Und als ich unser Zimmer sehe, wo Frauchen mir meine Decke vorm Bett ausbreitet, weiß ich: Draußen schlafen ist Abenteuer, aber drinnen? - ist manchmal einfach nur gut!

Kommentar schreiben

Kommentare: 8
  • #1

    Mama Ingrid (Samstag, 01 Juni 2013 21:45)

    <<<bingo, Sira, alles richtig gemacht!
    Was für eine Fechheit von deinen Menschen, dich draußen zu lassen! Natürlich darfst du ALLES umgraben und JEDEN anbellen, du hast sogar die PFLICHT dazu!
    Und unterwegs genieße es einfach, die <<<<Pilgerqueen zu sein, DAS begehrte Fotomodel! Wer will Opa und Frauchen schon tätscheln und fotografieren?

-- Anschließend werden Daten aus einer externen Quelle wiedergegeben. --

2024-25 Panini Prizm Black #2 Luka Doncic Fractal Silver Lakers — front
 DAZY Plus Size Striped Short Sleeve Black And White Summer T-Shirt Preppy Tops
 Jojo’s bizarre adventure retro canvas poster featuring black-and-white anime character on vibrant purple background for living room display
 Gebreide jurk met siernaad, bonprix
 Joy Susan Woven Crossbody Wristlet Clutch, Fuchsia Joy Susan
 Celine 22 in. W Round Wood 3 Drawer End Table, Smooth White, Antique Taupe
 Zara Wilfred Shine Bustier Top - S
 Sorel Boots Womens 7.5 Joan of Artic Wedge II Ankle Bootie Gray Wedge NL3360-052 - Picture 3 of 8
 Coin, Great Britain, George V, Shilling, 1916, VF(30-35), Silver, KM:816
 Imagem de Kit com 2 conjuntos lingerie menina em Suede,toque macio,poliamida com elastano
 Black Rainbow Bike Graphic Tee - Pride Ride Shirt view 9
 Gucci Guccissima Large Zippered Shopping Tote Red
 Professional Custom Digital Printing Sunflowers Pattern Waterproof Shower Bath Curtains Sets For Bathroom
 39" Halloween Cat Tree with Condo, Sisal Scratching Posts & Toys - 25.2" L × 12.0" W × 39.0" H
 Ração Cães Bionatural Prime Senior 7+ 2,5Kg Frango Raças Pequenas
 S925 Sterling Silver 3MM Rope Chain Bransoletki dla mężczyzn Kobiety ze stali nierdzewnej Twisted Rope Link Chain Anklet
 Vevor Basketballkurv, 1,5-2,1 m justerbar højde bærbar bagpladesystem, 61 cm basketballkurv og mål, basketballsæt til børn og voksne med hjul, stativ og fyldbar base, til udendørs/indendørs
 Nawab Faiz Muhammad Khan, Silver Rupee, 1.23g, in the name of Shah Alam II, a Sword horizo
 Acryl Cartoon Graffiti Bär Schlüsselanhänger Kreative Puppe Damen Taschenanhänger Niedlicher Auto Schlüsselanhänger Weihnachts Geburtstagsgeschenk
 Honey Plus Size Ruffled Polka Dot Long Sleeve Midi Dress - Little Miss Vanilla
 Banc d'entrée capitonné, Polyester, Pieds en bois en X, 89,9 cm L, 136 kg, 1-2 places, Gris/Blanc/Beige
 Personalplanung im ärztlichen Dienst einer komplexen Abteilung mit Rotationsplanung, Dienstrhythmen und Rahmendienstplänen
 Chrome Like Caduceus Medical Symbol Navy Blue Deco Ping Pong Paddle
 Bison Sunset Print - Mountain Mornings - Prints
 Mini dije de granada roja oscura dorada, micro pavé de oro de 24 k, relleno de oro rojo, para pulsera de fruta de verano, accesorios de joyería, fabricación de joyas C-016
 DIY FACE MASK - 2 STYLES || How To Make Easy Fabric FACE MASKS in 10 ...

Sei weiterhin einfach DU und LA MASCOTTA DEL CAMINO!
    Bessos, bessos, bessos

  • #2

    Mama Ingrid (Samstag, 01 Juni 2013 21:52)

    shit, soll natürlich heißen "Frechheit". Mein Laptop spinnt ein wenig, und ich sehe nebenbei ZAP-Arbeiten nach. Sorry!

  • #3

    Mama Ingrid (Samstag, 01 Juni 2013 21:57)

    ...und wieso heißt du "Fine"?

  • #4

    Thea (Sonntag, 02 Juni 2013 14:17)

    Hallo,ihr3, verfolge eure Berichte mit Begeisterung.
    Dani hat seine Wette verloren! Bravo Reinhart!
    Habe eure Adresse weitergegeben an meine Schwestern und an Freundin. Sind inzwischen alle eure Fans.
    Lg aus Essen, weiter so!!!

  • #5

    Ralf (Sonntag, 02 Juni 2013)

    Hallo Sira,
    eine sehr gute Idee es aus Deiner Sicht mal zu schreiben. Es würde sich sogar anbieten, den ganzen Weg mal aus dieser Sicht als Buch zu verfassen. Es wäre ein Renner....bei 40 Mill. Hundebesitzer in Deutschland. :-)
    Sira, sei auf der Hut...die Gegend mit den meisten freilaufenden und wilden Artgenossen kommt erst noch. Nach Leon wird es schlimmer. Hab aber keine Angst, denn die wollen nur spielen oder bewachen ein Grundstück an einer Kette angeleint. Die Kette ist dann manchmal größer als der Artgenosse und/oder das Grundstück es nicht wert, dass man es überhaupt bewacht. Du wirst es aber selber erleben und erkennen was Du für ein supertolles Hundeleben führst. Weiter so....ich lese jeden Tag den Blog.
    Liebe Grüße aus Goch

  • #6

    Reinhard (Sonntag, 02 Juni 2013 22:56)

    Hallo ihr drei,

    euer Blog ist wie eine Sucht - schaue täglich mehrmals nach, ob es einen neuen gibt. Melde mich bis zum 15.06. ab - bin auf dem Ostseeküstenradweg.

    Bis dann - ihr macht alles toll. Ich bewundere euch!

    Reinhard




  • #7

    Dani (Montag, 03 Juni 2013 17:18)

    Brave kleine Sira.

  • #8

    Monika Stiemert (Dienstag, 04 Juni 2013 01:05)

    Hey, Sira,
    du hast eine tolle Sicht auf die Dinge und deine Welt! Weiter so! Freue mich, mehr von dir zu hören!